L'administration fiscale peut remettre en cause la valorisation des biens
Dans le cadre de son droit de reprise, l’administration peut contrôler les éléments déclarés par le contribuable à l’IFI. Elle peut considérer que le patrimoine du contribuable est insuffisamment évalué. Ce droit de reprise s’étend jusqu’au 31 décembre de la troisième année suivant celle du fait générateur de l’impôt. Quand le contribuable manque d’effectuer sa déclaration ou oublie un de ses biens, ce délai est doublé. Enfin, dans certains cas particuliers, le délai de reprise peut être étendu. C’est le cas par exemple en cas d’interposition d’entités à l’étranger.
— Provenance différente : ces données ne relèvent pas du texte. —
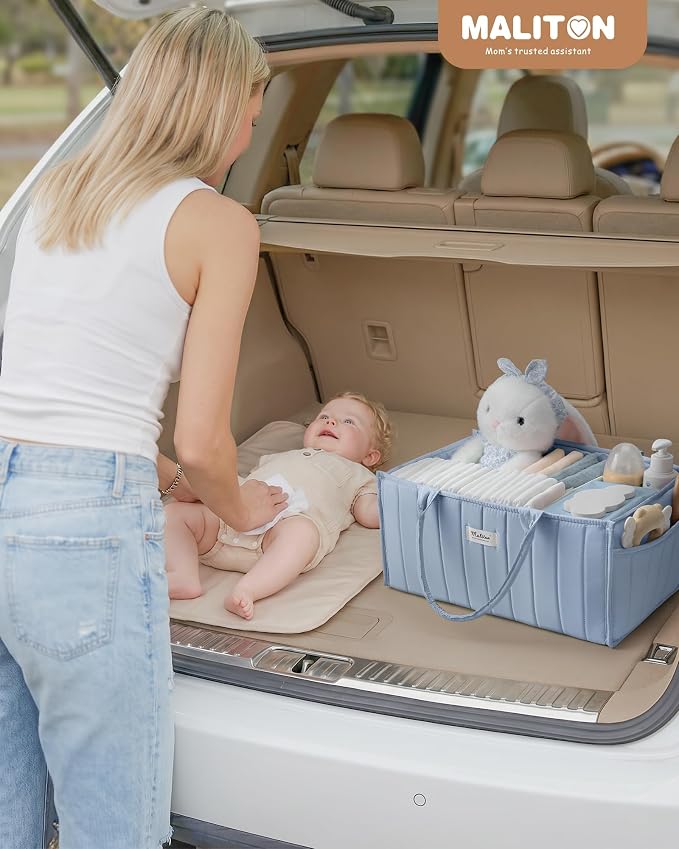 Maliton Baby Diaper Caddy Organizer with 2 Side Pockets, Portable, Blue | with Handle and Removable Dividers, Nursery Storage Basket, Car Organizer for Diapers & Wipes. Boy & Girl Shower Gift - Image 7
Dans l’éventualité d’un redressement, le contribuable doit s’acquitter d’intérêts de retard. Ils sont calculés au taux de 0,20% par mois soit 2,40% par an. Ils sont assortis d’une majoration pouvant aller de 10% à 80%.
Comment défendre efficacement l'évaluation de son patrimoine ?
Comment réagir lorsque l’administration fiscale remet en cause la valorisation des biens immobiliers ? Dans ce cas, la charge de la preuve repose sur cette dernière. C’est à elle de prouver que les calculs du contribuable sont erronés. Le plus souvent, elle se réfère à des transactions de bien comparables pour démontrer la sous-valorisation. Toutefois, le contribuable a un avantage de taille. Il connaît son logement (localisation, exposition, état….). Il peut donc discuter efficacement les comparables proposés par l’administration et expliquer pourquoi les siens sont les plus pertinents. Le travail de valorisation effectué dans le cadre de sa déclaration lui permet d’apporter ses propres éléments de preuve : devis de rénovation pour justifier de la vétusté de son bien ou un état d’indivision pour justifier d’une décote, par exemple.
Bon à savoir : En documentant scrupuleusement ses calculs, le contribuable peut plus facilement prouver sa bonne foi et ainsi éviter la majoration de 40% pour mauvaise foi ou manœuvres frauduleuses.
L'essentiel à retenir
- Le contribuable doit déclarer la valeur vénale de ses biens. Pour y parvenir, il peut utiliser trois méthodes.
- La méthode de la comparaison est la plus utilisée. Le contribuable peut s’appuyer sur les bases de données de l’administration fiscale.
- Dans le cadre de son pouvoir de contrôle, l’administration peut remettre en cause cette valorisation.